Microsoft Research made a number of Feynman lectures available in 2009 with their Project Tuva [1]. Originally it required Silverlight, but the Silverlight app has been decommissioned. The videos are now directly available online.
For those interested in Feynman, the man, I highly recommend "Surely you must be joking, Mr. Feynman.". It's a mostly fun, sometimes sad, look at his life.
I'm not sure how many 'layman' are comfortable with Linear Algebra and Calculus ;).
Give it a shot; there's a fair number of non-mathy digressions that are worth reading, and you sound like you have the background to handle the mathier parts.
No, definitely not. Try to find some book in the topic that you are interested in. If it is electromagnetism, go for the black book with four equations printed. If it is quantum mechanics, I like the Sakurai book.
Yes, if you supplement it with problems -- you'll have to find them elsewhere or make some up yourself. (There's a companion book of exercises recently published, not on the website, which I haven't read.)
Of course different books help most for different people. This one's not the best if you want to pass a course and put it behind you. I think it's very much worth checking out if you want to be challenged and inspired to tackle problems for yourself and perhaps pick up a bit of how Feynman thought. There are very few other introductory texts by physicists of his stature: Matter and Motion by Maxwell, and, well, anything else? (Not counting popularizations; it's a fuzzy distinction, but these are securely on the textbook side.)

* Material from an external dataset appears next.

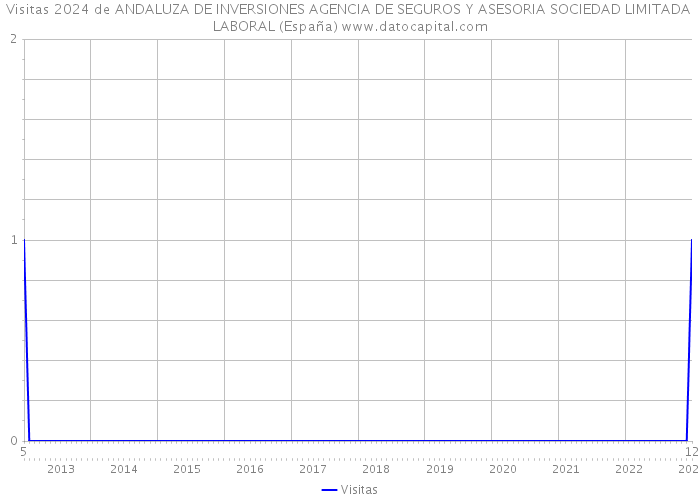 Visitas 2024 de ANDALUZA DE INVERSIONES AGENCIA DE SEGUROS Y ASESORIA SOCIEDAD LIMITADA LABORAL (España) 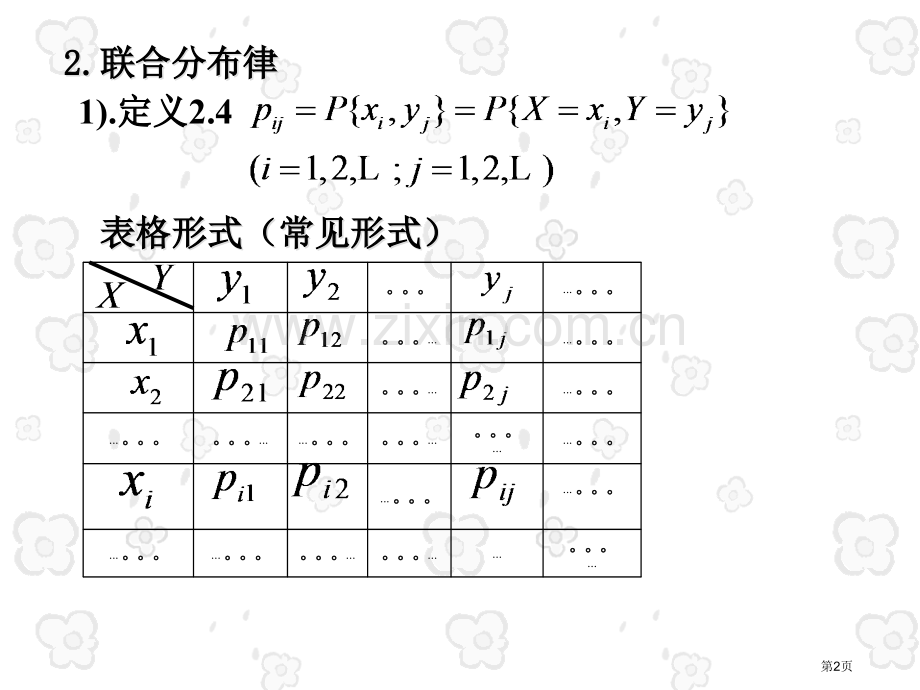 二维离散型随机变量和其分布律市公开课一等奖百校联赛获奖课件.pptx_第2页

Parts are and parts definitely aren't. I have a four year physics degree and found the treatment of certain sections very challenging. I would not recommend it as an introductory text
Yes, this series is fantastic. It offers a number of side-discussions that should also prove useful if you decide to go on to read more specialized physics material (e.g. to follow a more "traditional" academic physics curriculum).
These books were created from Feynman's lectures to freshman and sophomore Caltech students. I have not looked at the books in detail, but I think that a dedicated reader who is comfortable with calculus should be able to understand them.

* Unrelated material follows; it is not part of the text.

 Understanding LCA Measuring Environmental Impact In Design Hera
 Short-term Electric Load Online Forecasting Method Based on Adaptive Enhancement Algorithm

As a very first physics textbook I really liked Halliday's. But I did not read very extensively back then, the focus was really on understanding and solving problems.
I notice that the way these volumes are split up is the same as both the way US AP classes and most colleges I've seen split up physics classes. Is it safe to assume that it has become the canonical order to teach the subject because of these lectures?
No, that was the canonical order of lectures long before Feynman started teaching.
Actually, I think Feynman's influence on introductory physics teaching is much smaller than it is often stated. More "standard" courses that put a higher emphasis on how to actually carry out computations are more successful first physics courses. Feynman's lecture notes are an illuminating read to gain a broader perspective when one has already learnt how to "do" physics. IIRC in the preface Feynman himself actually expresses his disappointment with how well his students actually managed to learn from his teaching.
Feynman as a researcher was a master at presenting his (innovative and important) results in insightful ways, such that they appear almost obviously plausible from these alternative angles. But he did that after powering through insanely hard, long calculations to really obtain these results. Those are the most important part of the work.
I'm a huge fan of Feynman, but the lectures gave me the impression they are not the ultimate learning resource for physics. Any other books on physics that people would recommend?
Six Easy Pieces corresponds to these chapters in The Feynman Lectures on Physics:
Chapter 1, Atoms in Motion
Chapter 2, Basic Physics
Chapter 3, Relation of Physics to Other Sciences
Chapter 4, Conservation of Energy
Chapter 7, Theory of Gravitation
Chapter 37, Quantum Behavior
The editing differences are probably slight. Six Easy Pieces first came out in 1994 and the question would be whether a particular edition contains the 2006 definitive edition corrections.
Based on the description of "Six Easy Pieces", it appears to be a book targeted specifically at a lay audience, to popularize physics. The Feynman Lectures on Physics are basically a collection of lecture notes for a series of courses he taught at CalTech to physics majors, a decidedly not-lay audience.
My favorite part of those books is Book II, Chapter 19 on "The Principle of Least Action" - a great explanation of the core of what he would win his Nobel prize for two years later.
The sizable section that analyzes ways to try "beat" the two-slit electron experiment is also amazing.
Are these good for getting an intuition for the underlying math, without particularly caring about physics?
I don't care so much about particle interactions, but if I can get a better intuition for thinking about common mathematics, that would be more useful to me.
There are no videos of the lectures of the material the book is based on. The videos Gates put up are the Messenger Lectures that Feynman gave at Cornell.
You just have to press the blue icon if you want to read online (through .pdf nonetheless) or the orange one to download it. I don't read Farsi, but if you hover over those icons, you can see the link and the pdf is in English.
I was a physics major. These 3 volumes used to be so dry that I can't even turn a page. But those are real good memory considering I am now just a web developer digging code just for the money. Hey, at least I can show off to my former classmates on how much I am making. Don't you pity me.
For those interested in Feynman, the man, I highly recommend "Surely you must be joking, Mr. Feynman.". It's a mostly fun, sometimes sad, look at his life.